Although the records contain pictures, only their text should be set down, exactly as written.

━━━━━━━━━━━━━━━━━━━━━━━━━━━━━━

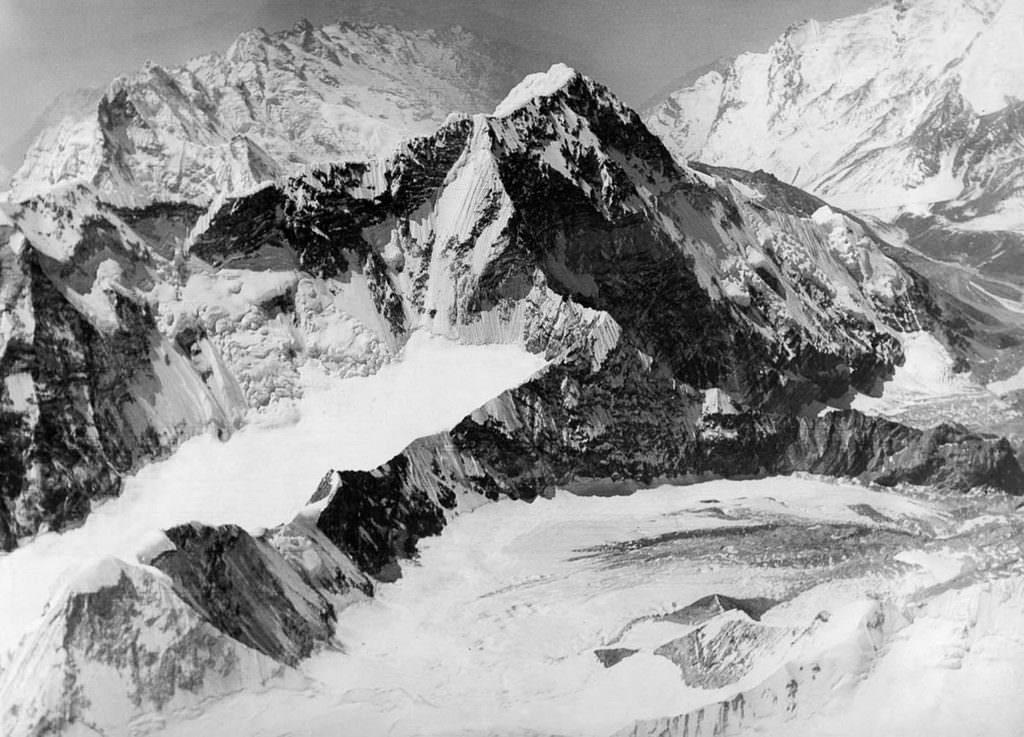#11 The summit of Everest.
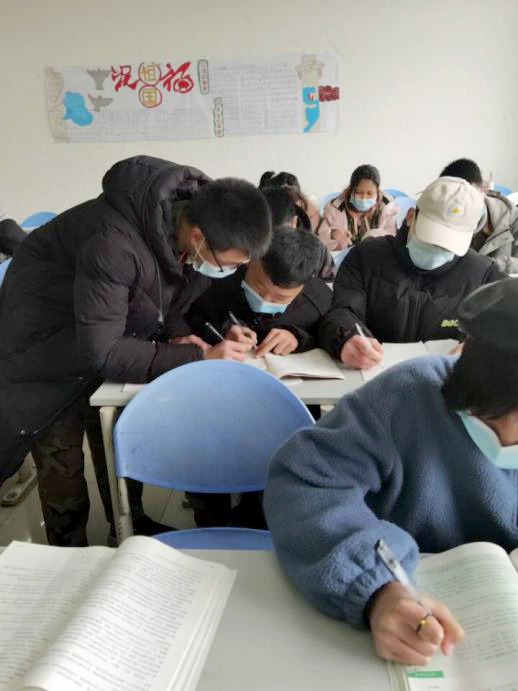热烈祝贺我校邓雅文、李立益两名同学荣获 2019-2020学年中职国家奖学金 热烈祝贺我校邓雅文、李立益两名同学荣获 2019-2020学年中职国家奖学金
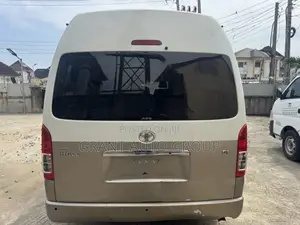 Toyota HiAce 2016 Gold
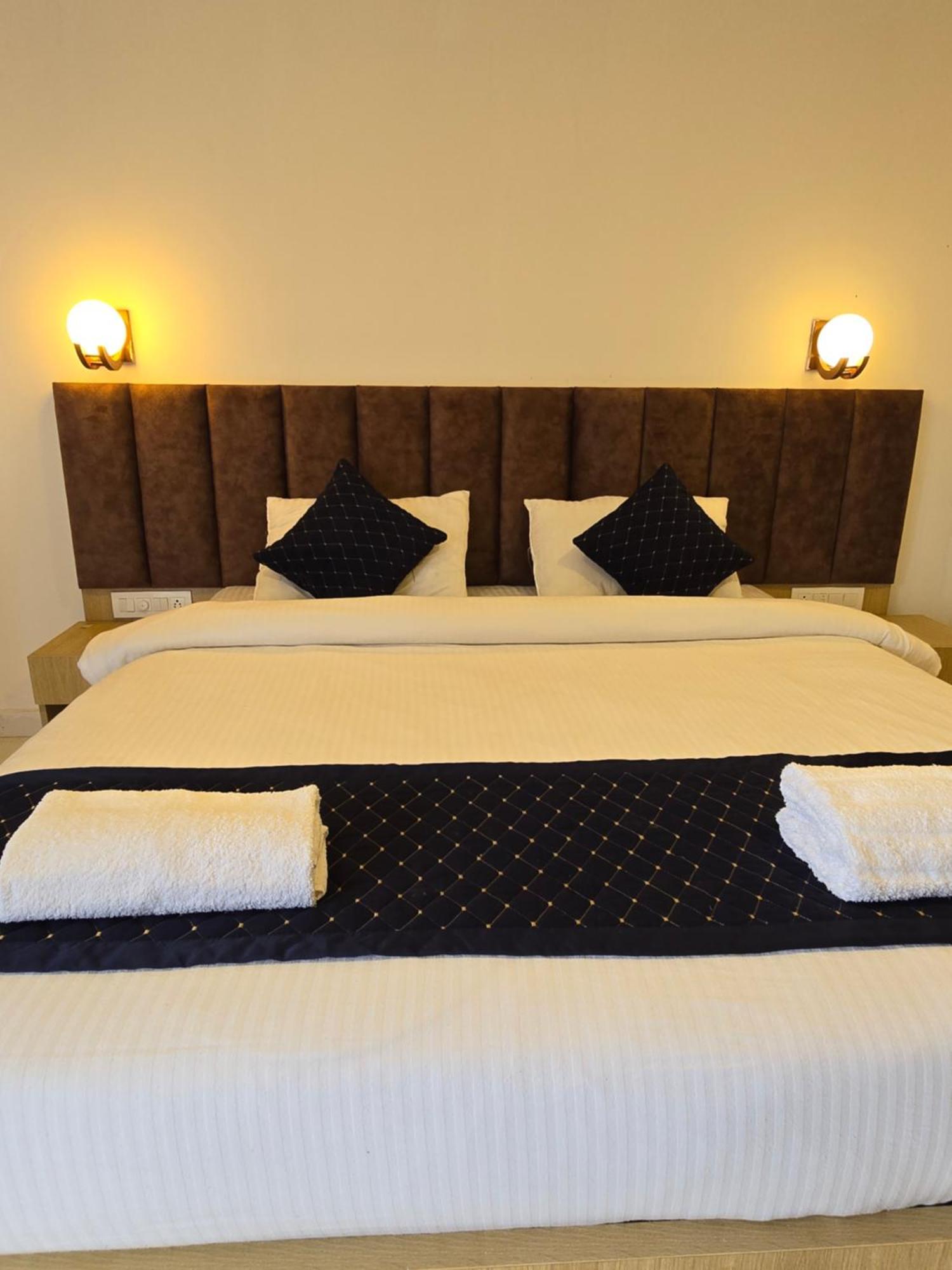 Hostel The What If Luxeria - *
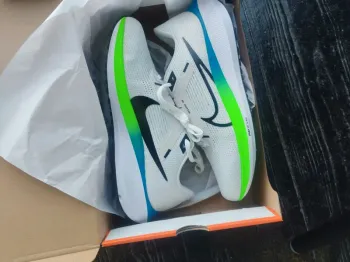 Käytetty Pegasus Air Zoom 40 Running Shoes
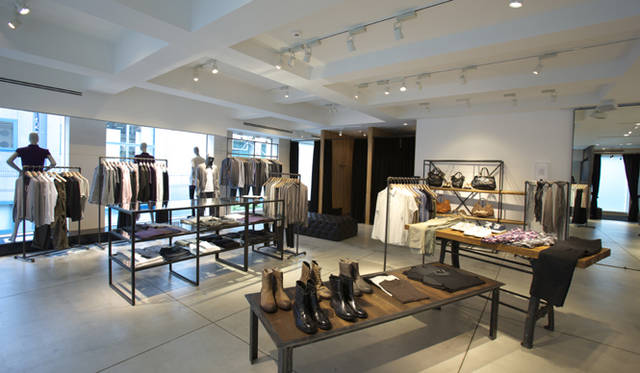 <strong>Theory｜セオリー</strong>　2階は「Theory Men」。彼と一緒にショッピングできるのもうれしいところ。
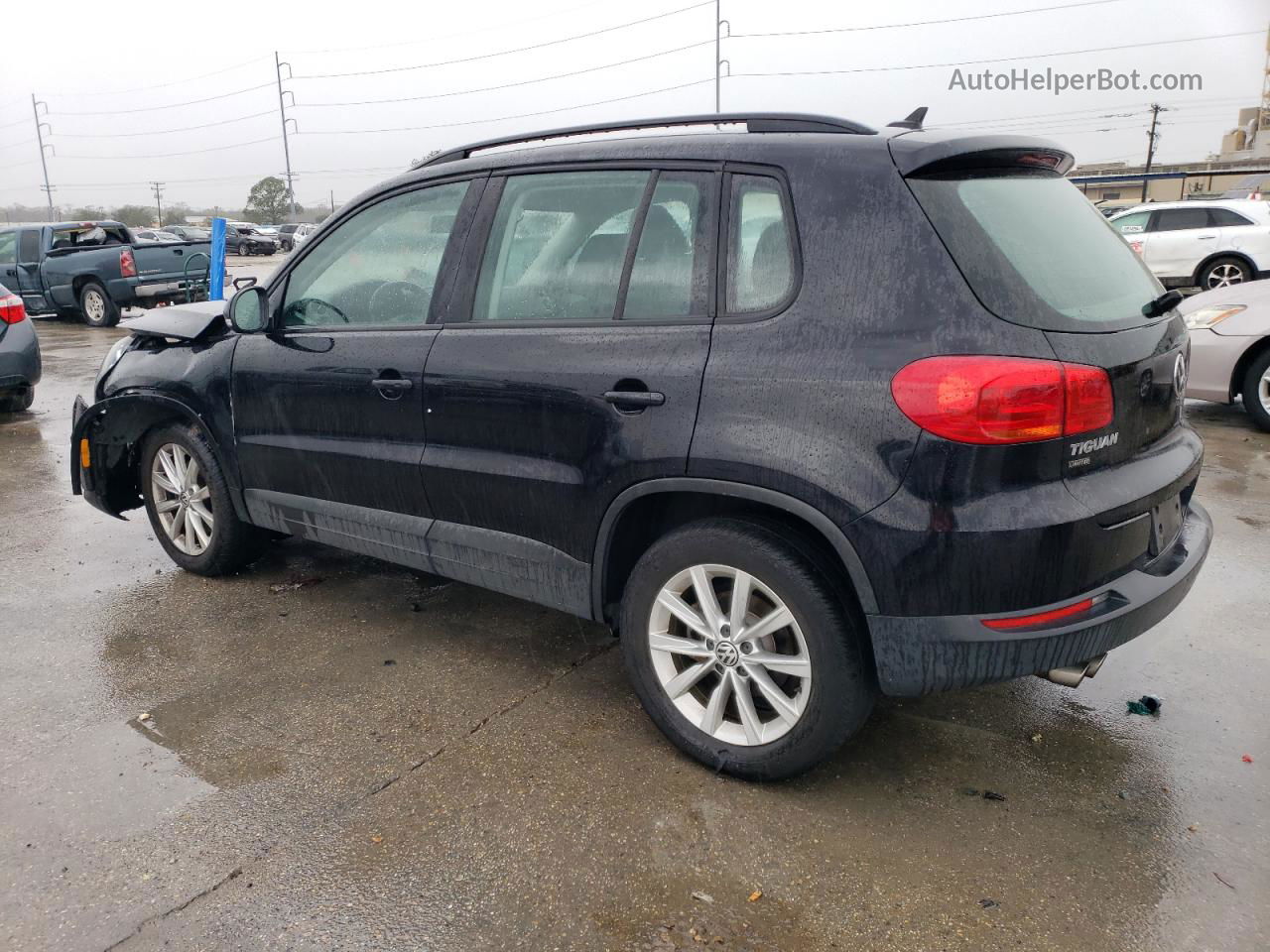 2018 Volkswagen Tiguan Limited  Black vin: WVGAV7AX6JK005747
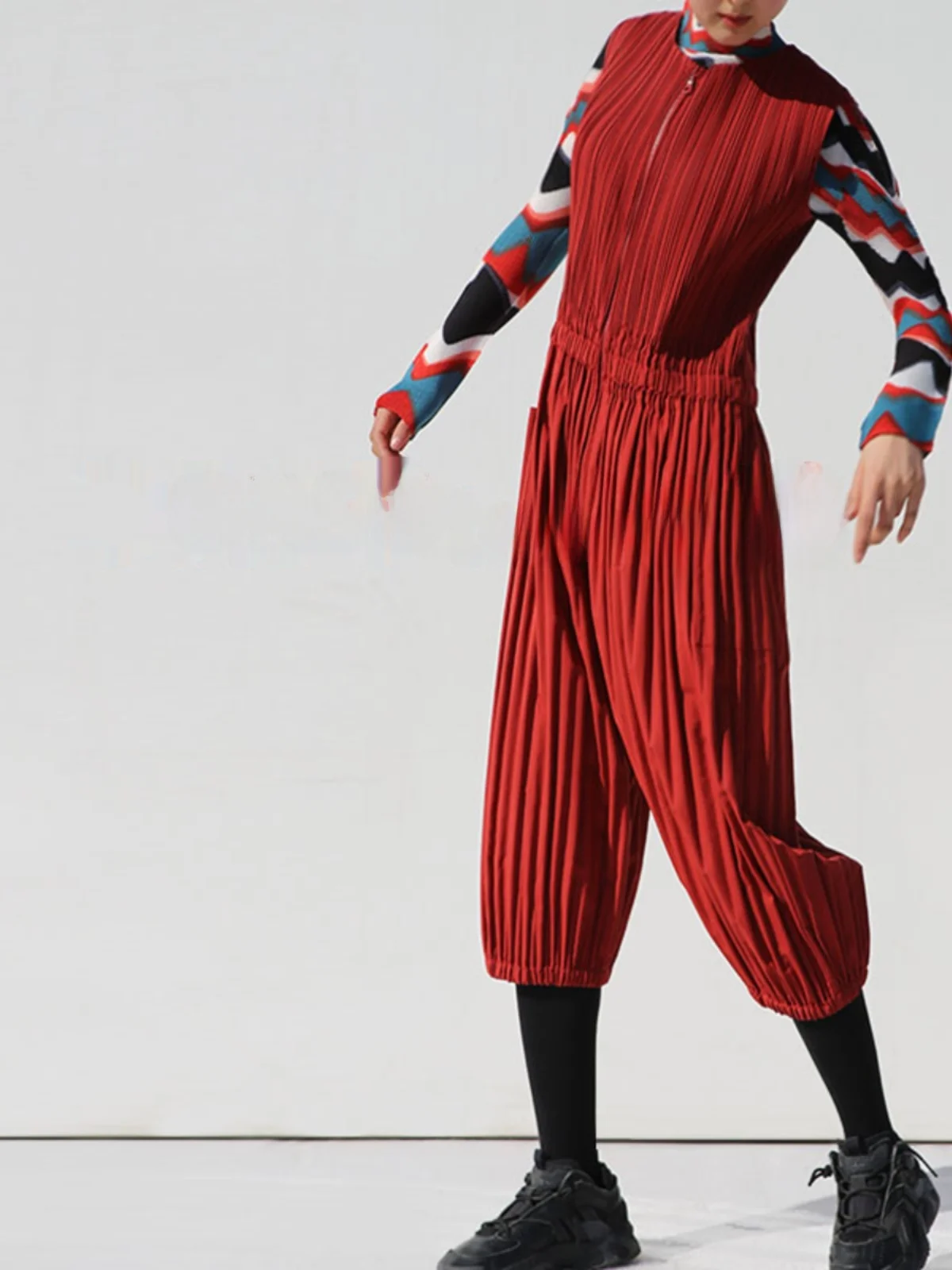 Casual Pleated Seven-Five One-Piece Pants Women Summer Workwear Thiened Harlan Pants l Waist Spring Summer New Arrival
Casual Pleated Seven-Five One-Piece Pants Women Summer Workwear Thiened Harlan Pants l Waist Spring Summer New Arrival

━━━━━━━━━━━━━━━━━━━━━━━━━━━━━━

Answer:
#11 The summit of Everest.
热烈祝贺我校邓雅文、李立益两名同学荣获 2019-2020学年中职国家奖学金 热烈祝贺我校邓雅文、李立益两名同学荣获 2019-2020学年中职国家奖学金
 Toyota HiAce 2016 Gold
 Hostel The What If Luxeria - *
 Käytetty Pegasus Air Zoom 40 Running Shoes
 <strong>Theory｜セオリー</strong>　2階は「Theory Men」。彼と一緒にショッピングできるのもうれしいところ。
 2018 Volkswagen Tiguan Limited  Black vin: WVGAV7AX6JK005747
 Casual Pleated Seven-Five One-Piece Pants Women Summer Workwear Thiened Harlan Pants l Waist Spring Summer New Arrival
Casual Pleated Seven-Five One-Piece Pants Women Summer Workwear Thiened Harlan Pants l Waist Spring Summer New Arrival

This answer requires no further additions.